Now, being an American I can’t get the whole day without food or water without thinking of foods I would love to eat. There are many downsides to this, as you can imagine. I think the biggest downfall to it for me so far is I think of American food I would love to eat, but won’t have access to for the foreseeable future. What I really want is to walk through the grocery store dropping everything bad for you into my cart, Poptarts, Cinnamon Toast Crunch, Captain Crunch Crunch Berries, ingredients for Puppy Chow, bags of candy. To stop on the way home, pick up Chinese, then pizza. Afterwards run to Dairy Queen and get maybe a Hot Fudge Sundae, or maybe get a Turtle Sundae at Culvers. If I go to Culvers, or Red Robin, or anywhere they’re sold I need cheese curds or mozzarella sticks. Don’t forget about the cheeseburger, that is also important and needed. It’s a sick fantasy that gets me nowhere. The only “fast food” you can find near me without going to Tamale is rice. As I’ve already said, it’s best if I don’t think of food.
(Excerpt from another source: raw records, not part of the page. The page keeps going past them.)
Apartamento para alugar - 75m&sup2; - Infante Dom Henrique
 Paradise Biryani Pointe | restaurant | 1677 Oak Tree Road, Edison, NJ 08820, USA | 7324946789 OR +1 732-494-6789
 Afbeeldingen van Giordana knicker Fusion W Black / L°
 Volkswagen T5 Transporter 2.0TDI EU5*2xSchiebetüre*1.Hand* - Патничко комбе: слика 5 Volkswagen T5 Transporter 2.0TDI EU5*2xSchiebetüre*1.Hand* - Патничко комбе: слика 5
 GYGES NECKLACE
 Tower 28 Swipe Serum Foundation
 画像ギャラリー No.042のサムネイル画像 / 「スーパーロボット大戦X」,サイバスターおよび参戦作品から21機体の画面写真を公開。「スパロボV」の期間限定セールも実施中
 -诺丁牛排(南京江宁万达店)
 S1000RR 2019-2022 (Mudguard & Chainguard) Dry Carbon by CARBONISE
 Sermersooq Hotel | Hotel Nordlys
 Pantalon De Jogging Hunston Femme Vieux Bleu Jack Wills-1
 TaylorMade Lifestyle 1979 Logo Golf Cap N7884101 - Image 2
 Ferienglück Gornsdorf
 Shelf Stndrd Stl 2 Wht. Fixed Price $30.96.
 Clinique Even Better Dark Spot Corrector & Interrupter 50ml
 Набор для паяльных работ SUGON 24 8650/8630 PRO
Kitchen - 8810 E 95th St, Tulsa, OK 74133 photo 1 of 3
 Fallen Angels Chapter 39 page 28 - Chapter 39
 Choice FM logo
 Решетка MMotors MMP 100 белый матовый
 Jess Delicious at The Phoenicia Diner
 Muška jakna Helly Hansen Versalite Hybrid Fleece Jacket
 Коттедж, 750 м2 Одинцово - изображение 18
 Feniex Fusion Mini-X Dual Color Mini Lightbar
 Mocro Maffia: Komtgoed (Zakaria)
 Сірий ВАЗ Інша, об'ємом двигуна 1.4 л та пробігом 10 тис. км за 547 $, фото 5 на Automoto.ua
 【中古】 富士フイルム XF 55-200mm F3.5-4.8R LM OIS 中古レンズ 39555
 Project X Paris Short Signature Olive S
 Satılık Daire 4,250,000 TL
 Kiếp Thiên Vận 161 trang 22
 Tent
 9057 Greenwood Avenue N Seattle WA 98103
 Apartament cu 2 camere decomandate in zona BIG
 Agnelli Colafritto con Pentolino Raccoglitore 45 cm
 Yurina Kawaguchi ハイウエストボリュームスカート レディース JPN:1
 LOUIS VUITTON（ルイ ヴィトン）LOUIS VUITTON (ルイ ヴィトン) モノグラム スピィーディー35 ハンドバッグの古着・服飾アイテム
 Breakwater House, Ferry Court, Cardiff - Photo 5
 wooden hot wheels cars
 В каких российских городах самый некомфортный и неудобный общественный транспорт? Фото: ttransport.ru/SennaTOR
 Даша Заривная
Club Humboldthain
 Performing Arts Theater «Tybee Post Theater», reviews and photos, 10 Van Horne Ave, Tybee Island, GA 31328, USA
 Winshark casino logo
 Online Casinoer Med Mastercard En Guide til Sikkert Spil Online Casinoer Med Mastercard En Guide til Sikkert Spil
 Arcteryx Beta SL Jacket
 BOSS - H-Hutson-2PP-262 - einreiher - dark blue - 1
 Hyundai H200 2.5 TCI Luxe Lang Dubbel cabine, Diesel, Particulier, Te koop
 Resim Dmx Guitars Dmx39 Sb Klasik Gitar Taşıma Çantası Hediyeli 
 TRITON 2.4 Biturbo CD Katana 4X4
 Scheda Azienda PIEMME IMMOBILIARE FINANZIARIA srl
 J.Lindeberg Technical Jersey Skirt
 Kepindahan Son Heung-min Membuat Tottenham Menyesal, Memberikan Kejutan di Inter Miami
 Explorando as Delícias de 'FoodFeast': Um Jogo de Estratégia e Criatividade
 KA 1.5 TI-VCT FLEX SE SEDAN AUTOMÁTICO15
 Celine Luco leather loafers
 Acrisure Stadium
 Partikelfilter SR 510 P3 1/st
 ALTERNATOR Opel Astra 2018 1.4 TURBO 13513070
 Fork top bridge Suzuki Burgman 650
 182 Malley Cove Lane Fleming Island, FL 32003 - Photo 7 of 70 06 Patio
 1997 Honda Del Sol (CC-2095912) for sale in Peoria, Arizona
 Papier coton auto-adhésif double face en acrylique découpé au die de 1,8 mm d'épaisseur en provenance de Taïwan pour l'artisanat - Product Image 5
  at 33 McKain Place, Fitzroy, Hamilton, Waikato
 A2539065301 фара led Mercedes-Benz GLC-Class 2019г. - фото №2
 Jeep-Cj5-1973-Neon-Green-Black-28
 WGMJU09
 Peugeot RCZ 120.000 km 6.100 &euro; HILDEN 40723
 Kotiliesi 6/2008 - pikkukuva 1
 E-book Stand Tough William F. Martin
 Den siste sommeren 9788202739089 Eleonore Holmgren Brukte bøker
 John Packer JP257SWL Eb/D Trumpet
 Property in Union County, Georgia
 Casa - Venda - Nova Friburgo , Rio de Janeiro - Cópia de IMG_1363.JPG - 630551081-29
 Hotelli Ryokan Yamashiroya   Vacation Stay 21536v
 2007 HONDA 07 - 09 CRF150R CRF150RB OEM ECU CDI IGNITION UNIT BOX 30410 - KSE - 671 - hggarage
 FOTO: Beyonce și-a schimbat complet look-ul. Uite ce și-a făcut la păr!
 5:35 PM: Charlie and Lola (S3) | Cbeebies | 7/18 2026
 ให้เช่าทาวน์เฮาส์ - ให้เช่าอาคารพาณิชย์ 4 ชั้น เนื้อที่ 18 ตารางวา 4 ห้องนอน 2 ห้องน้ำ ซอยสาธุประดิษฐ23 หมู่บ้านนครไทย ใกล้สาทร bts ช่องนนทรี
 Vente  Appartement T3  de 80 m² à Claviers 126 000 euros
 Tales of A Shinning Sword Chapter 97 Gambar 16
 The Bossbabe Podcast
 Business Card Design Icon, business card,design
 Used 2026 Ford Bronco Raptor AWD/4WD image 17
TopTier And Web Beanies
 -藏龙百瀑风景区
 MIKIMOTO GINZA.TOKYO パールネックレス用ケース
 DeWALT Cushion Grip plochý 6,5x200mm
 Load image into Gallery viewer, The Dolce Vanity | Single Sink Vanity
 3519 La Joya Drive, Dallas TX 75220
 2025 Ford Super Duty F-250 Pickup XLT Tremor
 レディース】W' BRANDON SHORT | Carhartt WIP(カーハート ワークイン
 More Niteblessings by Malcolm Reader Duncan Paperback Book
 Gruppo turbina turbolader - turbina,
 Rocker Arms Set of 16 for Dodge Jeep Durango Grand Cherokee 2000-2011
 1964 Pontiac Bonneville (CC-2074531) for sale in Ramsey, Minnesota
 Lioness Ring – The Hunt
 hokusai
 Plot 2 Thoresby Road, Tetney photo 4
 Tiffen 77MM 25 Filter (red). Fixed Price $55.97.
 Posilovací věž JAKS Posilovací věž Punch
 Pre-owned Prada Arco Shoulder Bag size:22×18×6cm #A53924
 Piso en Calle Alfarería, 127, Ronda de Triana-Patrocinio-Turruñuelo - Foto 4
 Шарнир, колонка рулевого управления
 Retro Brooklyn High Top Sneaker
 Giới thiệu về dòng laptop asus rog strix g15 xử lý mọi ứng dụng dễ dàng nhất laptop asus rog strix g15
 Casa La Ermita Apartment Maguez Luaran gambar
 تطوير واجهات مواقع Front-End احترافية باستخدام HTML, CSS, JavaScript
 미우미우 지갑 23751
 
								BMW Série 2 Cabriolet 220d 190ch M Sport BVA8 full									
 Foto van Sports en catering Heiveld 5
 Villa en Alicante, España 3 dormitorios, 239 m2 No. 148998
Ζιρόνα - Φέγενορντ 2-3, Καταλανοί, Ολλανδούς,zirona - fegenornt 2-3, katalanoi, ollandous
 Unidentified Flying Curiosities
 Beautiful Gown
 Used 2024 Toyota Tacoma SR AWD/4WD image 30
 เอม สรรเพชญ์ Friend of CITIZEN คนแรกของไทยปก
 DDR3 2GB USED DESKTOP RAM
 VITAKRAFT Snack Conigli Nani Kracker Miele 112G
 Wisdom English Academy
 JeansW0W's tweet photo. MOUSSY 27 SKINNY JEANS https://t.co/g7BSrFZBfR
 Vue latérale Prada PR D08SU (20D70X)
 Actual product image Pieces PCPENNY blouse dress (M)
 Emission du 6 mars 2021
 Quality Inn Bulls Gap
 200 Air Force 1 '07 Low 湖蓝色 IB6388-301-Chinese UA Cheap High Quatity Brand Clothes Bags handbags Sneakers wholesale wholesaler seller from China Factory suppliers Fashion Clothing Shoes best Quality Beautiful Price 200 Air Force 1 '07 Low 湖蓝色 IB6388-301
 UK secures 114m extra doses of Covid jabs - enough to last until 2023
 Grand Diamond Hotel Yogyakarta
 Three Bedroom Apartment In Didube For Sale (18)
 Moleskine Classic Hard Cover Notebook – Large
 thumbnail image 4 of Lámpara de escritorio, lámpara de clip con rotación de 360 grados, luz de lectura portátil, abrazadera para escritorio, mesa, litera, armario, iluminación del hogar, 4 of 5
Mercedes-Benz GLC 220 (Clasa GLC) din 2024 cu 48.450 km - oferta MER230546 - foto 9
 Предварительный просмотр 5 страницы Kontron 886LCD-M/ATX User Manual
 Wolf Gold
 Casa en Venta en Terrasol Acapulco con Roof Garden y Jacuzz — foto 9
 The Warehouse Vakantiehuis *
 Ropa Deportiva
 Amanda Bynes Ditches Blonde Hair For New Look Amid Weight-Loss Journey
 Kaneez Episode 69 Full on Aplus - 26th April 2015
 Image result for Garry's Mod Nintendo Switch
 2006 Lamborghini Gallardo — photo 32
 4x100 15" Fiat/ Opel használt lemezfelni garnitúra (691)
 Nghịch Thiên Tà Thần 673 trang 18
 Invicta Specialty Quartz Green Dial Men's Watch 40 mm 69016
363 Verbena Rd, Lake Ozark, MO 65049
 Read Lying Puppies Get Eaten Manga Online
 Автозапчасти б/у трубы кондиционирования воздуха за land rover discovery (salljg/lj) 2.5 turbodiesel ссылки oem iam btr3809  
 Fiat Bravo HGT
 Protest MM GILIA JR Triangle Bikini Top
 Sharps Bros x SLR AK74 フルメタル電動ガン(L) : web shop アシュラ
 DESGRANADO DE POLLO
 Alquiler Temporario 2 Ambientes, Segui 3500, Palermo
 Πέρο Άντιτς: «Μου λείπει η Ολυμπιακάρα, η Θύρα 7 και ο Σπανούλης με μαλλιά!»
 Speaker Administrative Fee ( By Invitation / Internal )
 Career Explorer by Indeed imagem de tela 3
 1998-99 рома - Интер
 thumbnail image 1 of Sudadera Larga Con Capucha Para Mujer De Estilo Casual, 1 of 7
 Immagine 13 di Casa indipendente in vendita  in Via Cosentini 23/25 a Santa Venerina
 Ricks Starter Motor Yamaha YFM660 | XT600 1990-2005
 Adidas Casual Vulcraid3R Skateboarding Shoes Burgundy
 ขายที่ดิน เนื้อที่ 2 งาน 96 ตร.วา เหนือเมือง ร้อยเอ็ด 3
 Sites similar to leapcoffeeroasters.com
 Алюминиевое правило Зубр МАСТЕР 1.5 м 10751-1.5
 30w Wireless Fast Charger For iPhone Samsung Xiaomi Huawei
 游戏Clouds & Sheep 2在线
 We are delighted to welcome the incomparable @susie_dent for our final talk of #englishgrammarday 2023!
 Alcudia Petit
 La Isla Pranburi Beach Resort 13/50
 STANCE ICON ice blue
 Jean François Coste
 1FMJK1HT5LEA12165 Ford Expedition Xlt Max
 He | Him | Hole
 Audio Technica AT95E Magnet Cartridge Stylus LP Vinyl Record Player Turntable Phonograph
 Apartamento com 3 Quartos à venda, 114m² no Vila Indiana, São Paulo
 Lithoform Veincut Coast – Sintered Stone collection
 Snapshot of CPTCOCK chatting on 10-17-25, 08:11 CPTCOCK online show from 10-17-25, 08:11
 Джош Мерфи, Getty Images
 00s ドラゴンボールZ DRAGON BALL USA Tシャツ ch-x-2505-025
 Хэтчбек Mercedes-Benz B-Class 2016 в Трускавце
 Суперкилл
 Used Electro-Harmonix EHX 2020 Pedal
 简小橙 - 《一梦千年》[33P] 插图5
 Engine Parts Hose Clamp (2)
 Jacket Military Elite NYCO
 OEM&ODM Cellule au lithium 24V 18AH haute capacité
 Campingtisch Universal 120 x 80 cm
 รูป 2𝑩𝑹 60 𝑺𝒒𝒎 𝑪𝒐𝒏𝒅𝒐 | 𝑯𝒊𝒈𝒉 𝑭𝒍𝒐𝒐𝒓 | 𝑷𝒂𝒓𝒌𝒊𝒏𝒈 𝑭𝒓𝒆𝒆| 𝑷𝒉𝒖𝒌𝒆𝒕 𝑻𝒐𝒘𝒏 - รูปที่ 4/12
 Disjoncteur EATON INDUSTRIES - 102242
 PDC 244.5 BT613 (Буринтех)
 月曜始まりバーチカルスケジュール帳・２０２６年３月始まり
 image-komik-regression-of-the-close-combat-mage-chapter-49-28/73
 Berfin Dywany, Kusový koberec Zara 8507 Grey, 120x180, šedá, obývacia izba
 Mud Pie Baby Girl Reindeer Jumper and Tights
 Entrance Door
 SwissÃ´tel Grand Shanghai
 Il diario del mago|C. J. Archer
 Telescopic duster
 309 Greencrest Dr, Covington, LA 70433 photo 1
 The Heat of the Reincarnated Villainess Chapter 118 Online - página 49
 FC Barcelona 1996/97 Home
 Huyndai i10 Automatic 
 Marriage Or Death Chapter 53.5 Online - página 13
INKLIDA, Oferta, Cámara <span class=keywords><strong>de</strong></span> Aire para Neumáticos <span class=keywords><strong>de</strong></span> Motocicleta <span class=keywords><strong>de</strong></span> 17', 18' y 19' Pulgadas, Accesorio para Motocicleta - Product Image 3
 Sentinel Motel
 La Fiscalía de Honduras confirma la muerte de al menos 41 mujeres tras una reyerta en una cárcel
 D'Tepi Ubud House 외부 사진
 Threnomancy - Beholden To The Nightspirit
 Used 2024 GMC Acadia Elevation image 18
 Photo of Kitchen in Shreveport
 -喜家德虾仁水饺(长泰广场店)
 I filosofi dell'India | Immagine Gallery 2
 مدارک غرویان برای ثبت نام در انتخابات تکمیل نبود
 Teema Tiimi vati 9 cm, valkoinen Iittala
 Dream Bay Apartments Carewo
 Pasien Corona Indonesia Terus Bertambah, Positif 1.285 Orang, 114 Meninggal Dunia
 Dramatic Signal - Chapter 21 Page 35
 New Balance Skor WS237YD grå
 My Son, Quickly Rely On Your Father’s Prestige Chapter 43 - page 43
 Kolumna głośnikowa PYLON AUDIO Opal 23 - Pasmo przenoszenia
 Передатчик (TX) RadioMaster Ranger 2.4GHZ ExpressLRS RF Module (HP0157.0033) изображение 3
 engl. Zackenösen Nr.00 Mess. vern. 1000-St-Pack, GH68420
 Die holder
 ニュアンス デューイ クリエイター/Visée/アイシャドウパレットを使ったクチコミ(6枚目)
With having one week of fasting left it makes counting days seem sillier. I know that when the moon is not there at night, the next day the fasting is over and we will have the Sallah Celebration. I know that Jochem and I fully intent to going all out on a Western meal when we are able to. Along with this, I look forward to the day I go to Tamale or market and can eat again. Until that happens though, I immerse my thoughts into my day and how lucky I am to be in Northern Ghana and in my village. Despite my fantasies of grocery stores with every kind of fruit I could want, there honestly isn’t any other place I would want to be. I wanted to join the Peace Corps for so long, and my application process was so long I can’t help but be thankful for this place I have ended up in. So, unlike the others around me, I don’t count my days but I count my friends and the number of ways that I am lucky for the life I live. This helps me get through 14 hours of not eating or drinking, but still being as active as possible. This helps me remember that although I may have a bad moment, it’s worth it. Something amazing happens when you take a step back from your life to evaluate what you have, don’t think about what you don’t. It doesn’t do any good to think of what you don’t have, it only makes you lose perspective on what you do have. I look forward to the end of fasting, the same as everyone around me, but I hope I maintain my perspective. That is one benefit that I could not have anticipated when I swore to participate in this religious event.